From the material below, set down exactly the lines that run from the one containing "Brinquedo de Cobra Para Gato" to the one containing "How To Build", minus the pictures.

> **EXTRACTED ENTRIES**:
┌──
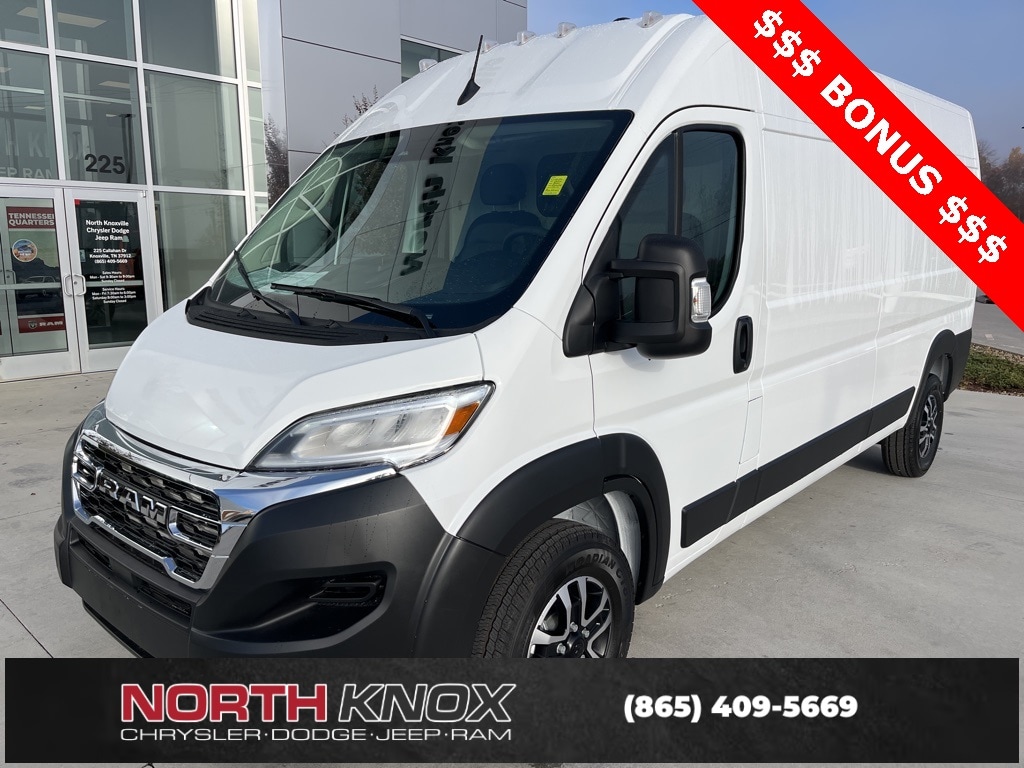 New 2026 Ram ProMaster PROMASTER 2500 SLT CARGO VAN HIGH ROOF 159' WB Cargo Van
└──
┌──
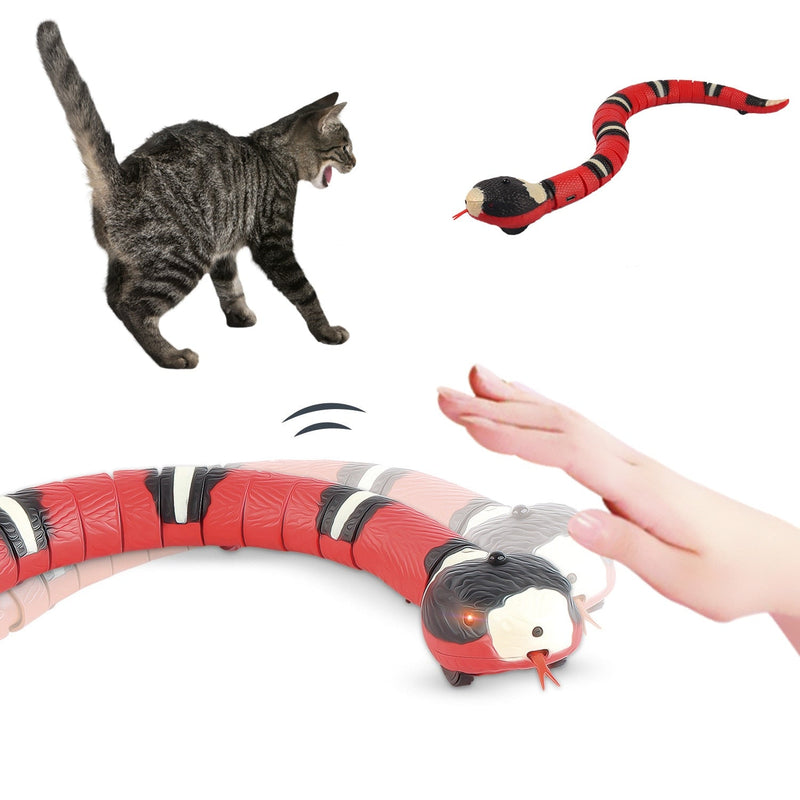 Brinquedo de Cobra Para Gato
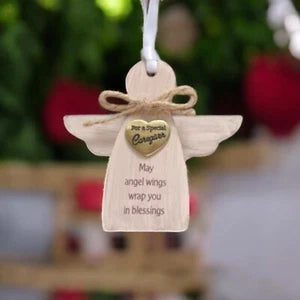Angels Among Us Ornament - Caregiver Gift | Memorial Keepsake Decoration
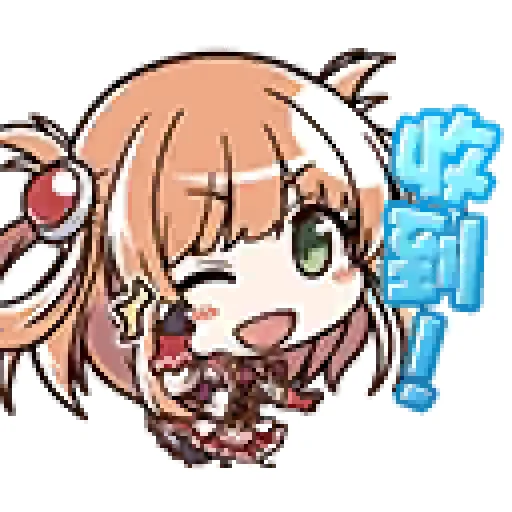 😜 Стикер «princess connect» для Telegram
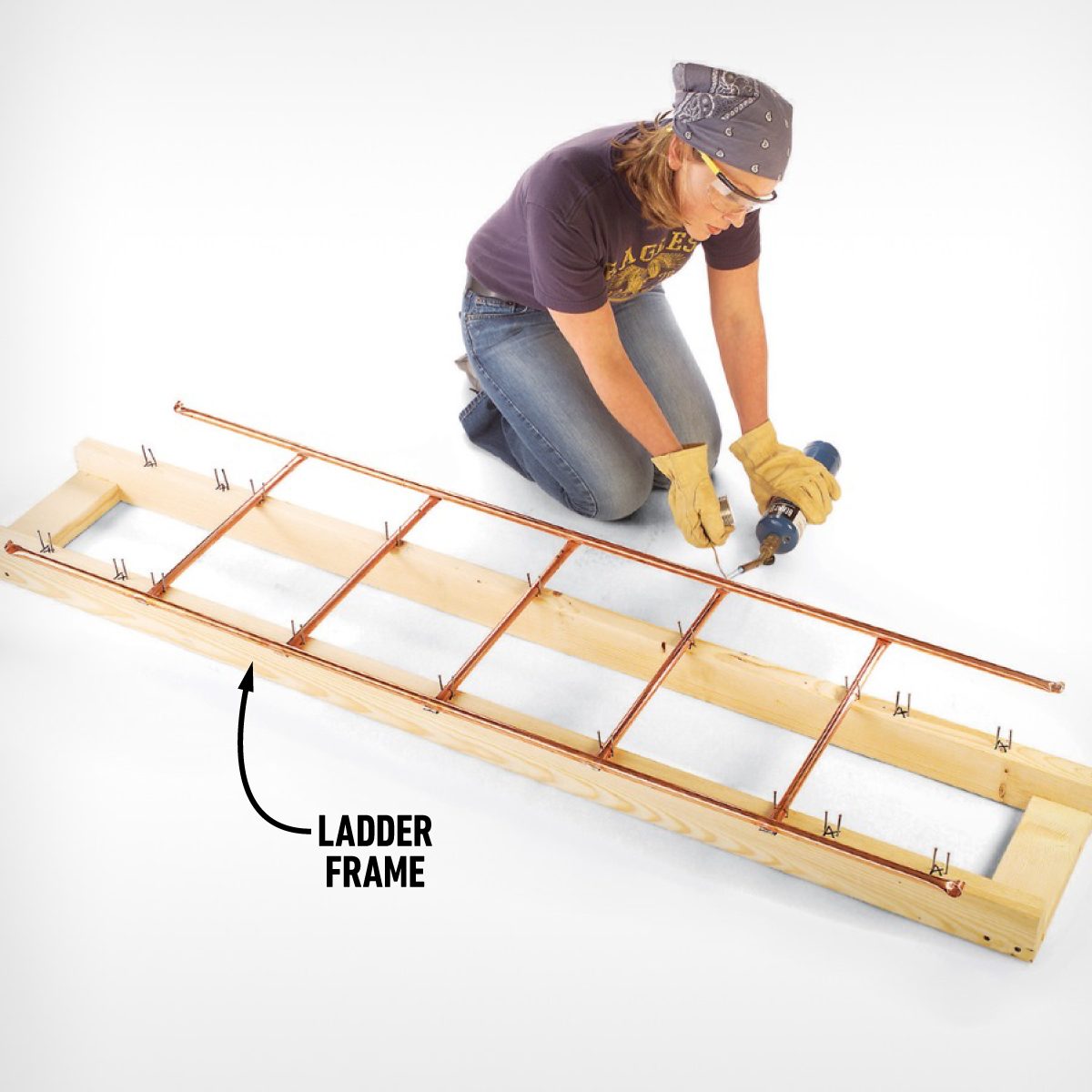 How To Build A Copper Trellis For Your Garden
└──
┌──
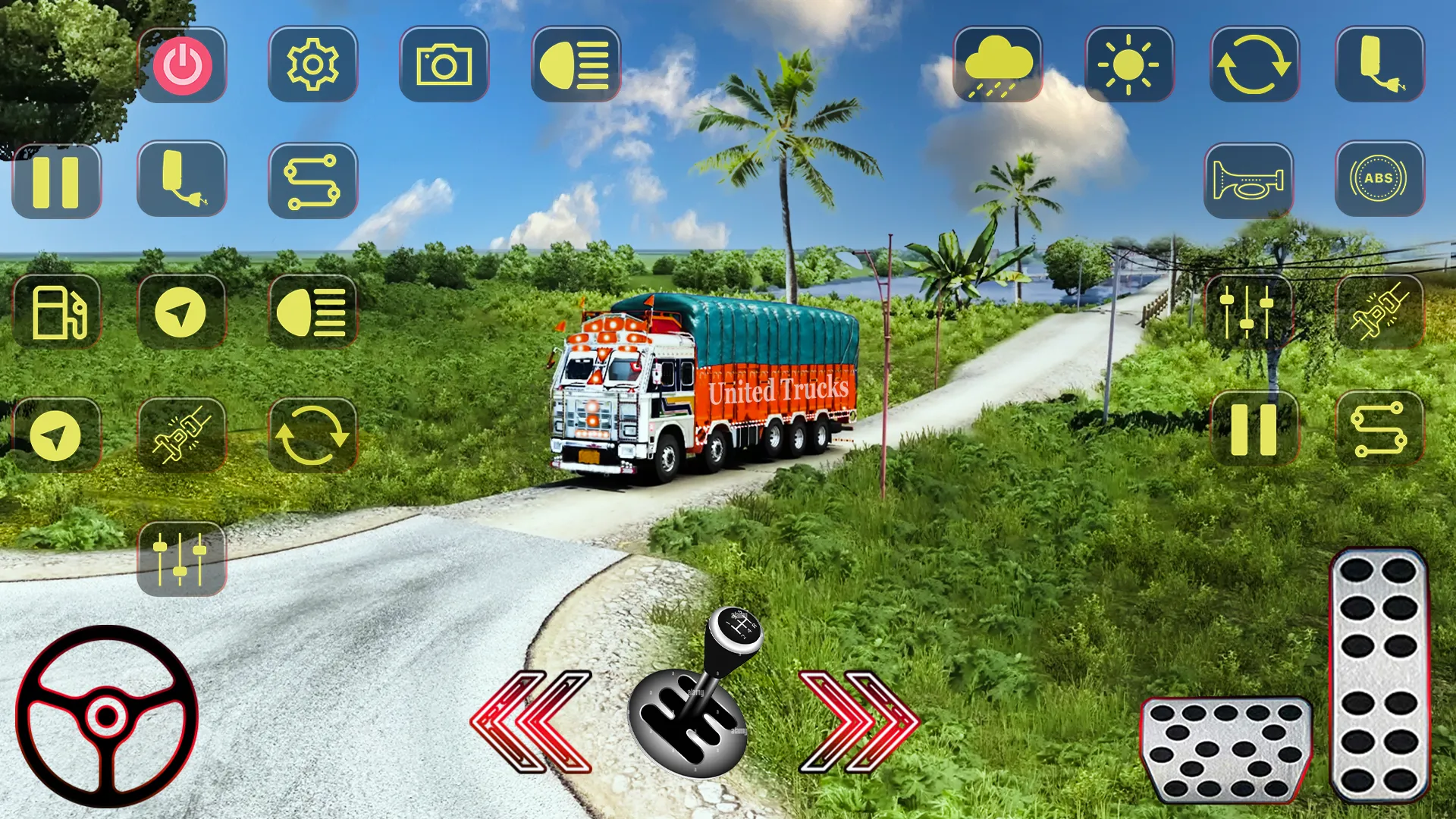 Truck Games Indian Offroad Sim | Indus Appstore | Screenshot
└──
> **SOLUTION TO THE PROBLEM**:
 Brinquedo de Cobra Para Gato
Angels Among Us Ornament - Caregiver Gift | Memorial Keepsake Decoration
 😜 Стикер «princess connect» для Telegram
 How To Build A Copper Trellis For Your Garden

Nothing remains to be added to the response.